Евтушенко: Расскажу, с чего всё началось. Издалека, так сказать. Я вам уже рассказывал историю публикации в «Правде» моего стихотворения «Наследники Сталина». Но я не знал, что происходило дальше.

Большая группа бюрократии написала письмо Хрущеву – не зная, что это он приказал послать стихотворение на военном самолете на Кубу, чтоб показать Фиделю раскрепощение нравов. Так вот, бюрократы те написали письмо-донос на главного редактора «Правды» <Павла Алексеевича> Сатюкова, что тот якобы способствовал опубликованию этого антисоветского стихотворения. И Хрущев устроил детский крик. Стучал кулаком и в ярости кричал. Перед этим он дал разрешение на печатание повести Солженицына «Один день Ивана Денисовича» и разрешил мое стихотворение, это одновременно почти произошло. «Что это значит? Я первый секретарь ЦК! Значит, я тоже антисоветчик, что ли? Что это такое у нас творится!» Он вызвал Ильичева и сказал: хватит, устарел сам аппарат цензуры. Наш народ, по отношению к которому были совершены такие несправедливости ужасающие перед войной, выдержал войну, с честью доказал свой патриотизм! Так зачем у нас такая цензура!

Волков: Хрущев всегда говорил, что Великая Отечественная война – это и были демократические выборы в Советском Союзе. Когда народ доказал, что он за советскую власть.

Евтушенко: Да, совершенно верно. И Хрущев сказал: «Подготовьте срочным образом постановление ЦК об отмене государственного института цензуры!» Тогда Ильичев и команда, понимая, что они без цензуры не продержатся, и разыграли этот фокус с Манежем. Они стали звонить Эрнсту Неизвестному, другим молодым художникам, чтобы те приносили в Манеж свои работы, обещали, что специально сделают для них зал, что сейчас готовится указ об отмене цензуры, что правительство даст им дорогу, – то есть была задумана провокация полная! Ильичев точно рассчитал, что ничего нет консервативнее визуального вкуса. Он меняется с самым большим трудом.
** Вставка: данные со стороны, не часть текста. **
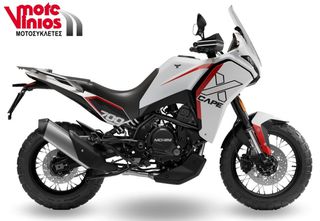 Moto Morini X-Cape 2025 700 *EΠΩΝΥΜΑ ΔΩΡΑ+TEΛΗ'26* SPOKED-thumb-3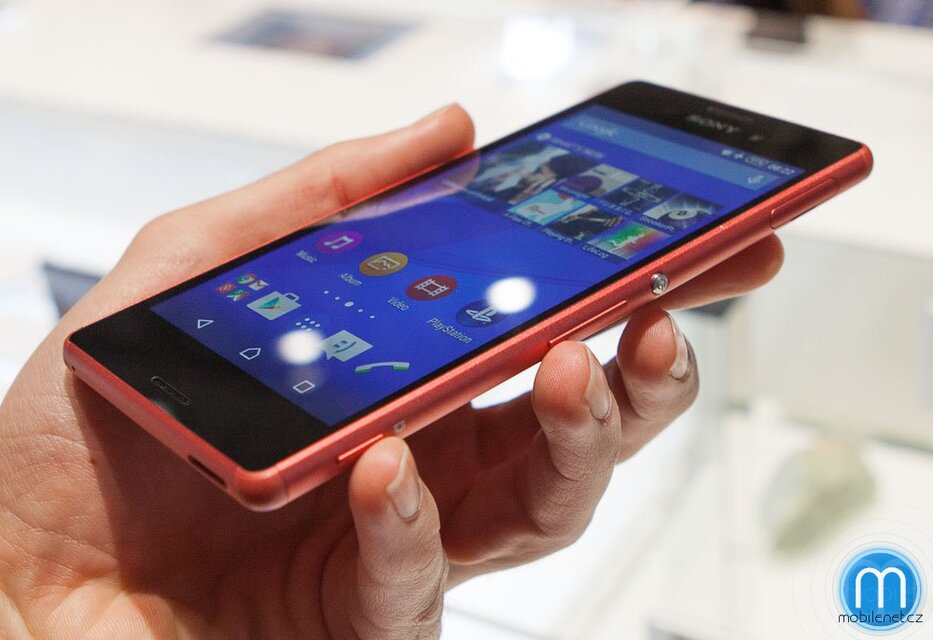 Sony Xperia M4 Aqua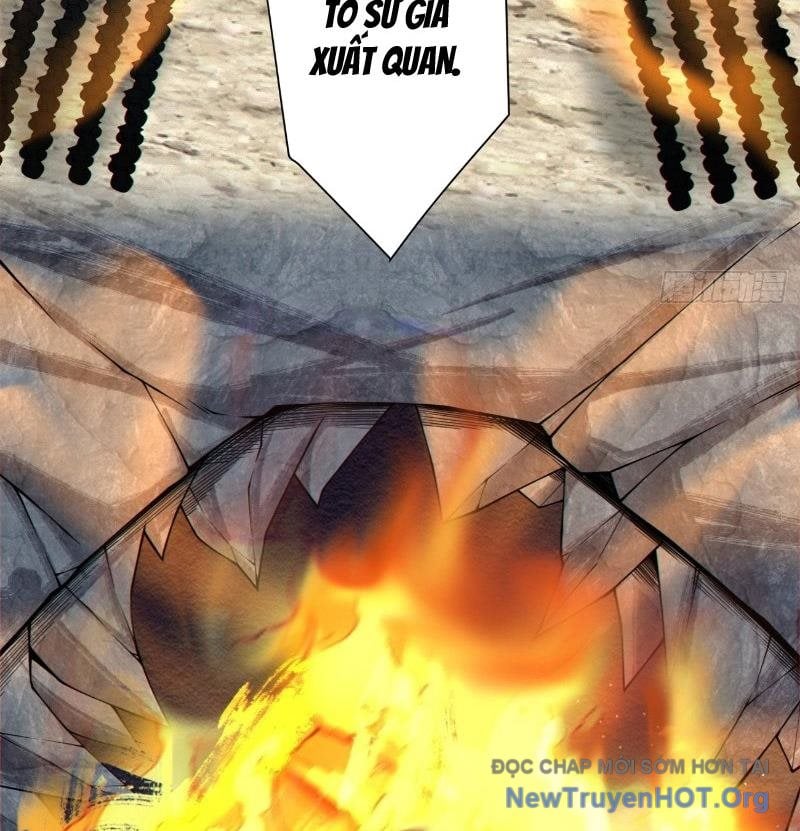 Đồ Đệ Của Ta Đều Là Đại Phản Phái Chapter 411 - Trang 3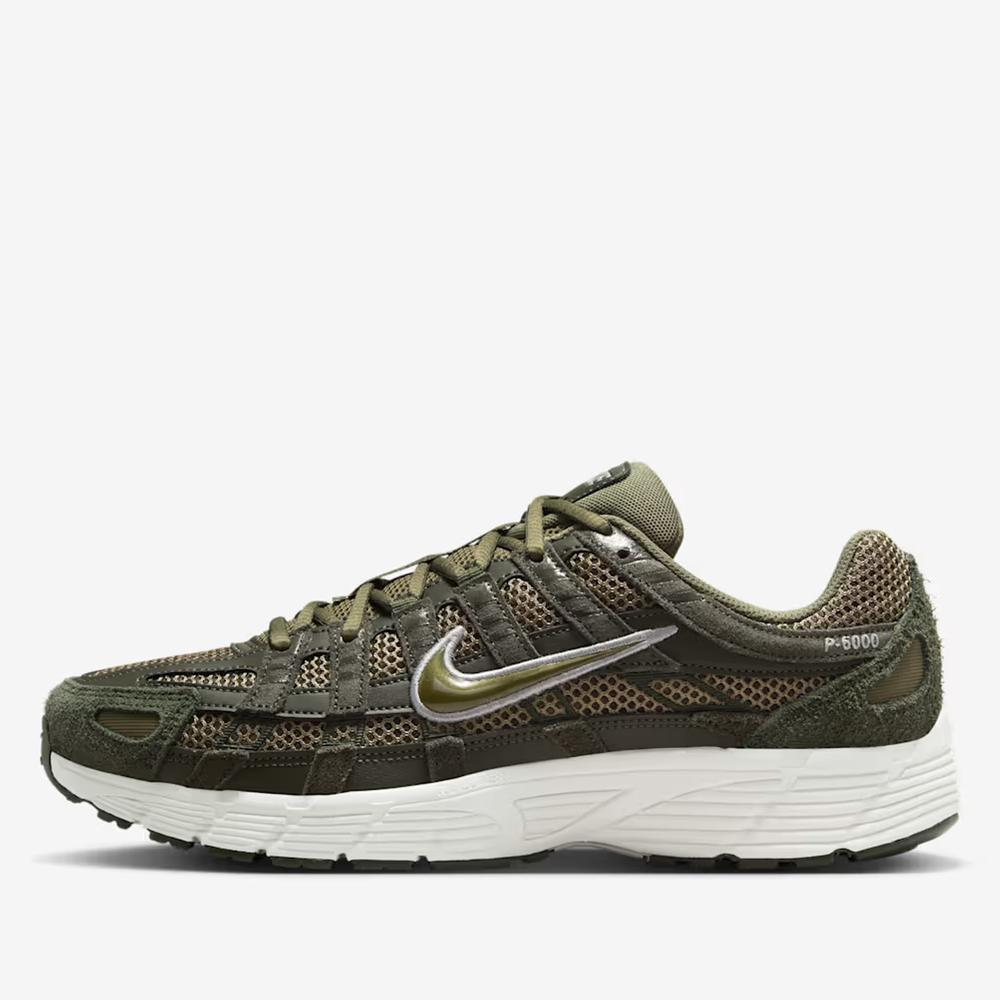 Unisex  boty Nike P-6000 SE HF0015-301 - zelené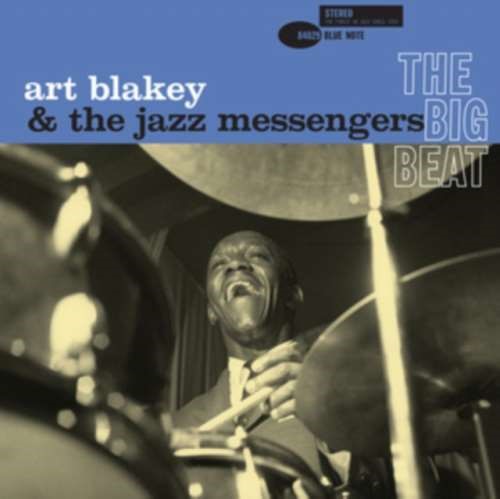 Art Blakey/jazz Messengers - The Big Beat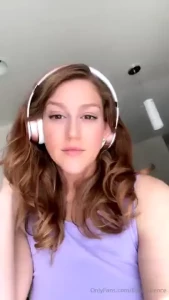 Good afternoon i took selfies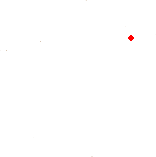 Carte de France - Meuse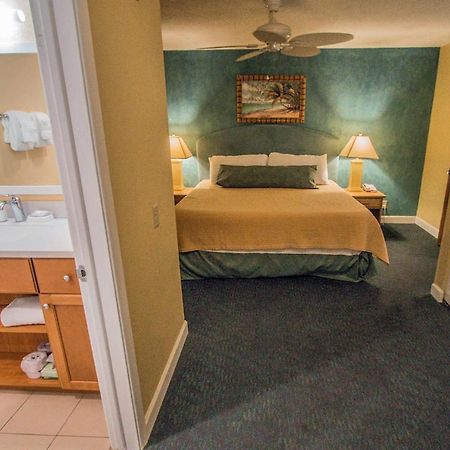 Sea Club IV Resort Daytona Beach Shores Eksteriør billede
И главное, я тоже в этом участвовал. Я уж не помню, кому я помогал. Эрику Неизвестному, что ли… Грузовик я достал через знакомого генерала, сказал: «Там ребята художники будут, правительство, надо свезти скульптуры». Я тоже в этом участвовал наивно, не подозревая, в чем участвую.

И когда на следующий день в Манеже появились члены правительства, их завели туда, где была отдельная комнатка, зал, столы… В чью-то картину ткнули Никите Сергеевичу, а на ней какие-то красные пятна крови и надпись – «Октябрьская революция», так это называлось, это была абстрактная вещь. Хрущев сначала не понял, говорит: «Тут какие-то незаконченные картины. Мы, наверное, не туда попали?» Ему говорят: «Нет-нет, это законченные». – «А где же тут лица?» – «Они ненавидят лица». И тут Шелепин, председатель комитета госбезопасности, начал кричать, нападать на Эрика Неизвестного: «А ты откуда металл берешь?» Эрик ответил: «Я ворую». А потом и Хрущев, так сказать, разыгрался. Он же никогда не видел этого! Кстати, когда Гарри Трумэн увидел впервые абстрактную живопись, он точно так же, как Хрущев, среагировал.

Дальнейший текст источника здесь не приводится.